Al principio no le prestas atención a sus miradas contrariadas cuando lo reprendes, a las solicitudes de hacer un ejercicio diferente al que le propones, al aire de suficiencia que muestra cuando lo haces subir al ring con un compañero menos habilidoso que él. En parte, tu subconsciente se niega a aceptar que algo haya cambiado: quieres retomar el hilo donde lo dejaste antes de la última gran victoria, subir los escalones que faltan para llegar a la gloria con él, pero la realidad te llega de frente como un tren en marcha. El chico se siente llegado, ya no te escucha con la atención y el deseo de aprender de antes; al contrario, está convencido de que ya sabe más que tú, de que ya es un campeón, de que no tiene rivales. Sus actitudes perezosas se vuelven manifiestamente rebeldes: cuestiona tu método de trabajo, pretende hacer las cosas a su manera, cita a Fulano, Mengano y Zutano que en internet o en otro gimnasio le han explicado cómo se hace. Con el tiempo, ya no puedes más y explotas: una vez más, la gota colma el vaso y le dices de todo mientras él te insulta a su vez y se va golpeando la puerta. El cuento de hadas se ha interrumpido en lo mejor y tú te quedas por unos minutos inmóvil mirando al vacío e imaginando lo que podría haber sido y no fue.
Verás todos sus futuros combates, tal vez en secreto, sin admitirlo ante nadie. Y seguirás sintiéndote orgulloso al ver ese golpe en el que tanto has trabajado o esa evasión que le enseñaste a dominar. No se convertirá en un campeón: le falta la humildad, un ingrediente demasiado importante para prescindir de él.
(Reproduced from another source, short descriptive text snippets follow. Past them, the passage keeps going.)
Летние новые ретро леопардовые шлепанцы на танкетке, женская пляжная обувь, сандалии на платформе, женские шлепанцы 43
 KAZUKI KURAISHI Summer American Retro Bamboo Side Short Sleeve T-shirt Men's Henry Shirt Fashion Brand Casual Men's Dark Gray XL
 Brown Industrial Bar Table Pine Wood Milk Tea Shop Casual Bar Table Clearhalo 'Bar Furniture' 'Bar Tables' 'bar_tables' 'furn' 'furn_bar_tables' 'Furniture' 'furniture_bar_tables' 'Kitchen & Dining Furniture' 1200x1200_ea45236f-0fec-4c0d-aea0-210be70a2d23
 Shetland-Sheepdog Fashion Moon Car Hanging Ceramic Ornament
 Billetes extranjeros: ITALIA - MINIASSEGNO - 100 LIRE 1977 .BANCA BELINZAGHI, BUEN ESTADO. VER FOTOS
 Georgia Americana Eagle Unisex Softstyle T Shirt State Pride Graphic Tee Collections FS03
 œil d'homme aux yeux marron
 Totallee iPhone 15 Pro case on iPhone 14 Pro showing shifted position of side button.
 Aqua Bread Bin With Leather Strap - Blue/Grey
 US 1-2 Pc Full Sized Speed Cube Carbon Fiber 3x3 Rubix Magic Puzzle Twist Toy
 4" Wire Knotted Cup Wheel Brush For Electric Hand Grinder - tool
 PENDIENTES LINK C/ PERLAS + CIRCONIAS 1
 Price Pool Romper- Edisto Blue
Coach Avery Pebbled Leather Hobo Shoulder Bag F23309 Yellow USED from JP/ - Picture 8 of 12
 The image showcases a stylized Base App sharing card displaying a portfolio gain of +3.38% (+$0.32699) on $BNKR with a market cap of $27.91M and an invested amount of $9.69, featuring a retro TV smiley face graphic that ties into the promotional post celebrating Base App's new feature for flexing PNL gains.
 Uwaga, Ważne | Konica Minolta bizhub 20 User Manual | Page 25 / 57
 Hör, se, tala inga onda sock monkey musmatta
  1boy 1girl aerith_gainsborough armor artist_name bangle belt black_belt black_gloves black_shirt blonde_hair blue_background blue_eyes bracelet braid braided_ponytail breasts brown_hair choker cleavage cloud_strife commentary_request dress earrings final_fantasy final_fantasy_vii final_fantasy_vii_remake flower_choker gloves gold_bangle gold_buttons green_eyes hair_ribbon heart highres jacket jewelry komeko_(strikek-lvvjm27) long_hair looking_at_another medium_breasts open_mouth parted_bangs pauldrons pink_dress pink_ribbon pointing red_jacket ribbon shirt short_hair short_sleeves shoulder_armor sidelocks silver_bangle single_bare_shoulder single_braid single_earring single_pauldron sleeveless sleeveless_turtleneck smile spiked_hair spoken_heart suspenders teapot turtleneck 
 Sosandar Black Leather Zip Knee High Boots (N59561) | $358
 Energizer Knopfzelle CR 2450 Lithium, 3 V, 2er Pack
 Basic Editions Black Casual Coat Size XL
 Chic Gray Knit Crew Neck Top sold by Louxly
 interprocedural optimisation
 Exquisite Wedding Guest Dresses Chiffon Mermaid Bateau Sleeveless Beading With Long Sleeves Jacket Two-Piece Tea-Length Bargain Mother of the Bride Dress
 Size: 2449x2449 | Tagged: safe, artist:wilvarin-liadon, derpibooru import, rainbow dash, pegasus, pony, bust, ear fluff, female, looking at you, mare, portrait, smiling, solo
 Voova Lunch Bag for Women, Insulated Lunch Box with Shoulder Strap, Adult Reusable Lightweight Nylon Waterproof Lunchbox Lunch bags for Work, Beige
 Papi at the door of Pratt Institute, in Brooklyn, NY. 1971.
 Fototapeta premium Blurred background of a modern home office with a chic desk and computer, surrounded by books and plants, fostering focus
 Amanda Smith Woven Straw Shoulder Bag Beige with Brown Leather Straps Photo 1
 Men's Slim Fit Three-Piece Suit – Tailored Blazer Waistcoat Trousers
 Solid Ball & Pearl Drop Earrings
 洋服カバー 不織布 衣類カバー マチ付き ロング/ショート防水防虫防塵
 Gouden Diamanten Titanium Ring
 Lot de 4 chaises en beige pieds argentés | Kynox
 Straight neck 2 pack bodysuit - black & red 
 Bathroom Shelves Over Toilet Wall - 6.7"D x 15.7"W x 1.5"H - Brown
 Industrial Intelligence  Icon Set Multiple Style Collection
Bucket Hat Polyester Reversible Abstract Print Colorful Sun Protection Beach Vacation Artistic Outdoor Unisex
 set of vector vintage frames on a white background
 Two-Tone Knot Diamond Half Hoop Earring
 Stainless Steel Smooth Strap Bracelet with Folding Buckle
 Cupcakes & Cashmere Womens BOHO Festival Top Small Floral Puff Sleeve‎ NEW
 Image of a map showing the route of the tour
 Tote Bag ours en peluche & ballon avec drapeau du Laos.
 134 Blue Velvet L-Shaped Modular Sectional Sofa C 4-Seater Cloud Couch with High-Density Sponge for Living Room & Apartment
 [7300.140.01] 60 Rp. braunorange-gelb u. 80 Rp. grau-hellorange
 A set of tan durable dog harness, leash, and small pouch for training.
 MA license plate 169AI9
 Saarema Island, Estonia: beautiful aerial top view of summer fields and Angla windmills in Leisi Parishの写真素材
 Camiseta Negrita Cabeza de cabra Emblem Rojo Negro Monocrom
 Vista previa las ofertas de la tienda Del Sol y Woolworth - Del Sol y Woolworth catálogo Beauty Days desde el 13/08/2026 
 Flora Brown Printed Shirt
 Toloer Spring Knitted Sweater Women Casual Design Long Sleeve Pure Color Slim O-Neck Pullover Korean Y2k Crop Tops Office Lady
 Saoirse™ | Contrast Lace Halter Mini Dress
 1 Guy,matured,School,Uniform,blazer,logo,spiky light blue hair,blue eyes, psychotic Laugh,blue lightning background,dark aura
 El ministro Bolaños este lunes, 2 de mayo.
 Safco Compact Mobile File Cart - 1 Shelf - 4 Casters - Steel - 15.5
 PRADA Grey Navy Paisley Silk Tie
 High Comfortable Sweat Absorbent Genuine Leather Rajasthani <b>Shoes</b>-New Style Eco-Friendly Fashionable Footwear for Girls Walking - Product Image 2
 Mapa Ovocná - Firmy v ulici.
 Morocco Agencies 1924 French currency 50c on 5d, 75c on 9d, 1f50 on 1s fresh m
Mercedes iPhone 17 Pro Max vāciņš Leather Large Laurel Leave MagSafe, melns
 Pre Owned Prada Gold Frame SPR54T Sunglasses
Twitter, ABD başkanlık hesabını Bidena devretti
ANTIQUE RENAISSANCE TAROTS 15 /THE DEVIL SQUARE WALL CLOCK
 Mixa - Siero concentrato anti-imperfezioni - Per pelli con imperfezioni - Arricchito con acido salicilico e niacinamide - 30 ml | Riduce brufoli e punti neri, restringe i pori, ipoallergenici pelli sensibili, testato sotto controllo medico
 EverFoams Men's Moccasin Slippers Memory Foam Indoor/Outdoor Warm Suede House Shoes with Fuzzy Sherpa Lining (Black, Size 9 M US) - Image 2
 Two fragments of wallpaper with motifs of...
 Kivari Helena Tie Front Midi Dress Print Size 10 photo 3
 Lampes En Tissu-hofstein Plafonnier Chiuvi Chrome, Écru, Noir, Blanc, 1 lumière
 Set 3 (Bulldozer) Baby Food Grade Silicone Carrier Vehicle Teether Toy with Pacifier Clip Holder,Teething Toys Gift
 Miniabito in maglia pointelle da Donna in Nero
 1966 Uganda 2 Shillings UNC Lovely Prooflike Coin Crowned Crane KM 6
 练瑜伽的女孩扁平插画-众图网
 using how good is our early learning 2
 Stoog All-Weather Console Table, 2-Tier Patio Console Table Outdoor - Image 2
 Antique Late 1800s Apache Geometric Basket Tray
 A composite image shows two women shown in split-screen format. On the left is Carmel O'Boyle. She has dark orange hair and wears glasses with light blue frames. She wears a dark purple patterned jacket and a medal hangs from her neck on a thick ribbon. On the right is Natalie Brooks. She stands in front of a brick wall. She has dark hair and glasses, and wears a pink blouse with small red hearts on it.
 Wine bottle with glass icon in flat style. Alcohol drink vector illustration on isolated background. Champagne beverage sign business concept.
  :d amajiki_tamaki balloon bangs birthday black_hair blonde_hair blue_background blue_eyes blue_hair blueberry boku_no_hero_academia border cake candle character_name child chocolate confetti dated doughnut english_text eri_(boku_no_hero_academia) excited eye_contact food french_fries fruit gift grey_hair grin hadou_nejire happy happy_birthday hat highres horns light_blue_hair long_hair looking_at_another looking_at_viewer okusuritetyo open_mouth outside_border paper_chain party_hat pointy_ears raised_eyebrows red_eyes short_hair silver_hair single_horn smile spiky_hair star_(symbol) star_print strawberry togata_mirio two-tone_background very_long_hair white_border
Se estrellará contra la dura verdad, se dará cuenta con consternación de que no es el prodigio que los periodistas complacientes pintaban y verá desaparecer uno tras otro a los falsos amigos que acudieron a su carro cuando parecía invencible. Tal vez algún día, mirando hacia atrás, entenderá que debería haberse quedado a tu lado, pero será demasiado tarde. Mientras tanto, empiezas todo de nuevo y te juras a ti mismo: «¡Nunca más!». Nunca más un atleta te trastornará el ánimo hasta ese punto, nunca más alguien te hará invertir tiempo y dinero en él en cantidades industriales, nunca más te dejarás llevar por el sueño de tener un diamante en bruto entre manos. Tu mirada en el gimnasio es más sombría que antes, tus modales más bruscos, tu paciencia más precaria. Pero luego, una semana, un mes o un año después, otro chico en busca de guía está allí pendiendo de tus palabras, mostrando su talento aún incipiente y absorbiendo tus enseñanzas como una esponja. Y entonces vuelves a caer, porque eres un Entrenador y por mucho que intentes rebelarte, no puedes ir en contra de tu naturaleza: estás destinado a vivir por tus chicos, soñar, sufrir y crecer junto a ellos.